▶ [Web page caption snippets]:

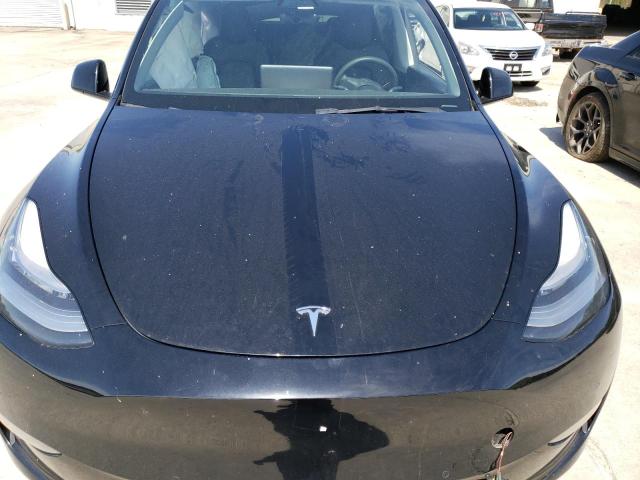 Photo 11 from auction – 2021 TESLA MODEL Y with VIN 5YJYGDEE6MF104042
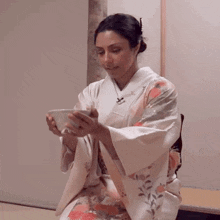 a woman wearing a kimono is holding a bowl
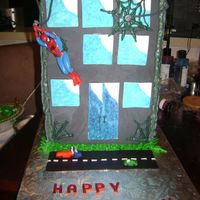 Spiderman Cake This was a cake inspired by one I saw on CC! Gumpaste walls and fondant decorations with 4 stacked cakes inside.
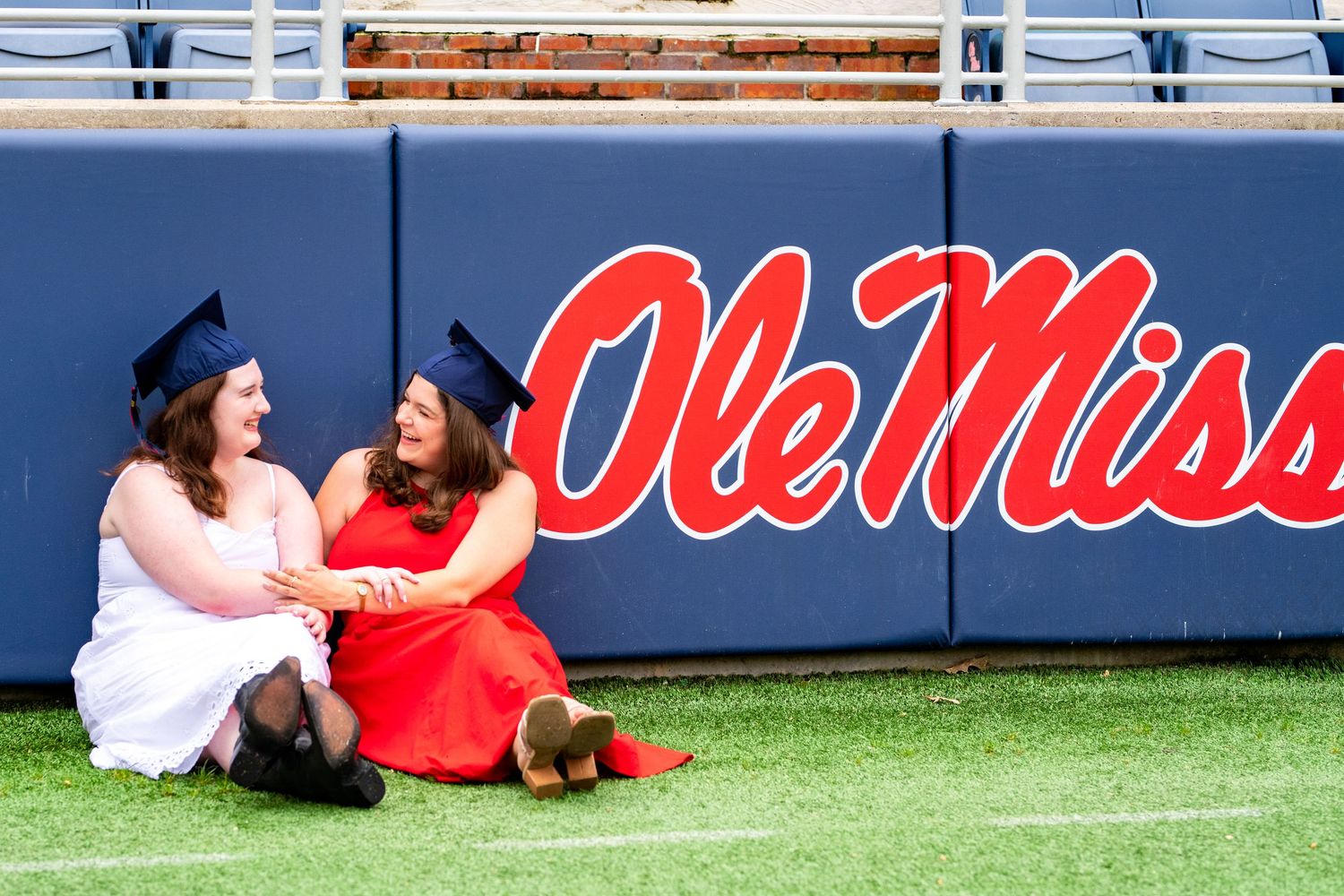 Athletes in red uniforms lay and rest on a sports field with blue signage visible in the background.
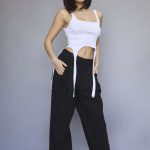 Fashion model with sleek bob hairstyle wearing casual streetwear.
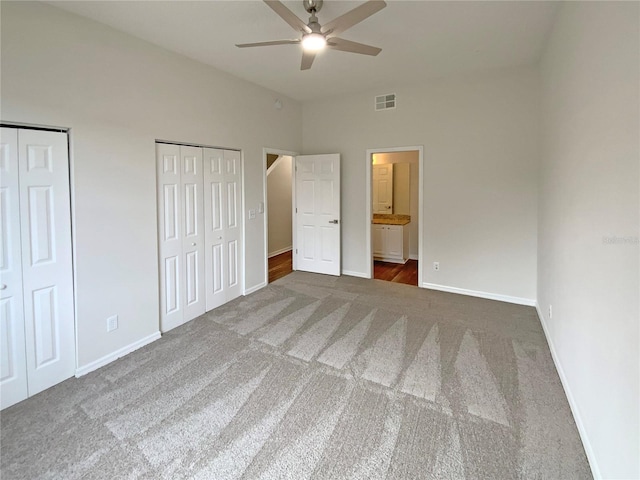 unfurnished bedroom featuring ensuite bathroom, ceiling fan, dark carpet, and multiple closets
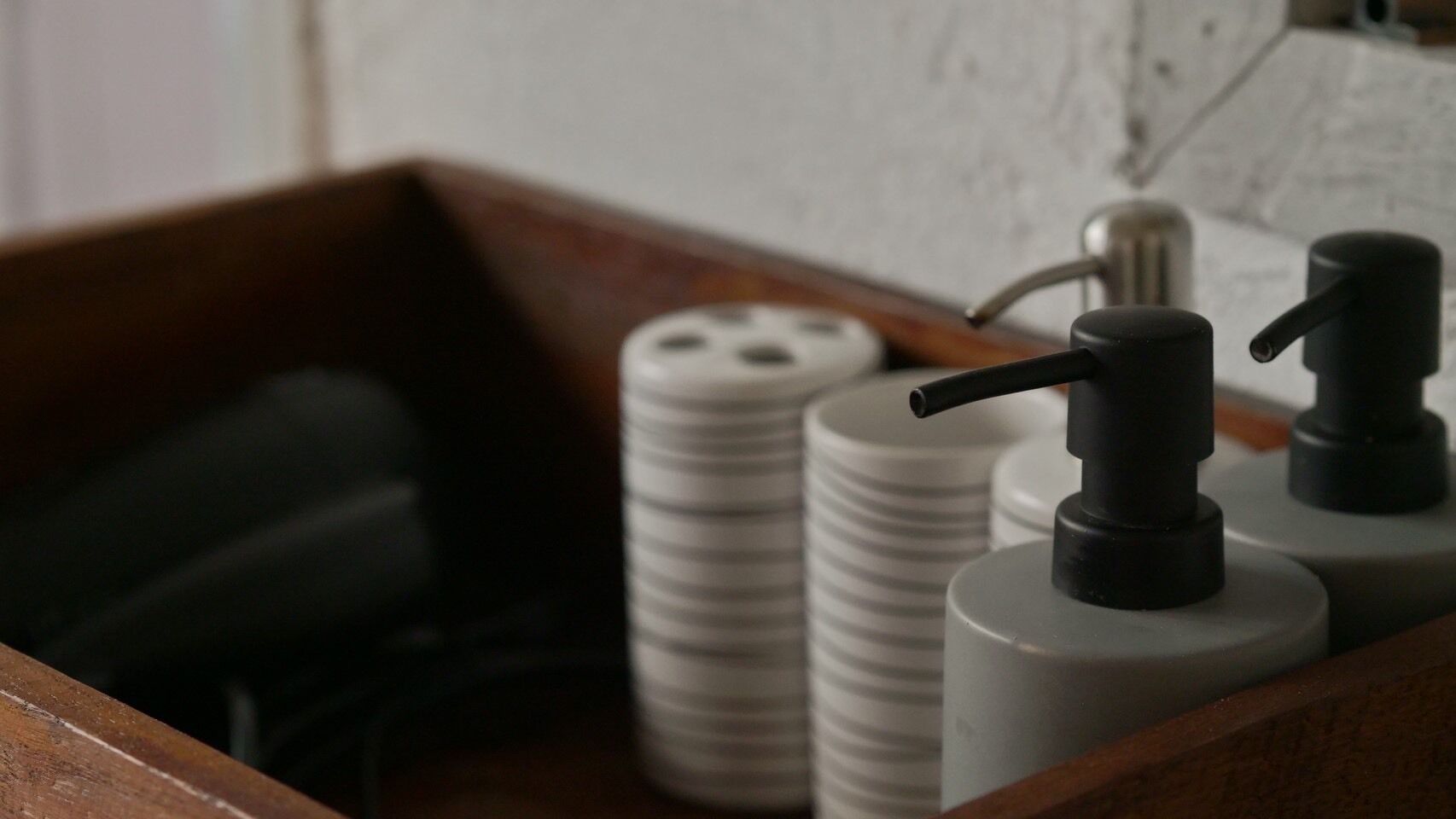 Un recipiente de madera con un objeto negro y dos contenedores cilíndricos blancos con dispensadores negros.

▶ [DIRECTIONS FOR THIS TASK]: Each entry is to be transcribed verbatim, and any picture in it is to be skipped.

▶ [OUTPUT OF THE TASK]:
 Photo 11 from auction – 2021 TESLA MODEL Y with VIN 5YJYGDEE6MF104042
 a woman wearing a kimono is holding a bowl
 Spiderman Cake This was a cake inspired by one I saw on CC! Gumpaste walls and fondant decorations with 4 stacked cakes inside.
 Athletes in red uniforms lay and rest on a sports field with blue signage visible in the background.
 Fashion model with sleek bob hairstyle wearing casual streetwear.
 unfurnished bedroom featuring ensuite bathroom, ceiling fan, dark carpet, and multiple closets
 Un recipiente de madera con un objeto negro y dos contenedores cilíndricos blancos con dispensadores negros.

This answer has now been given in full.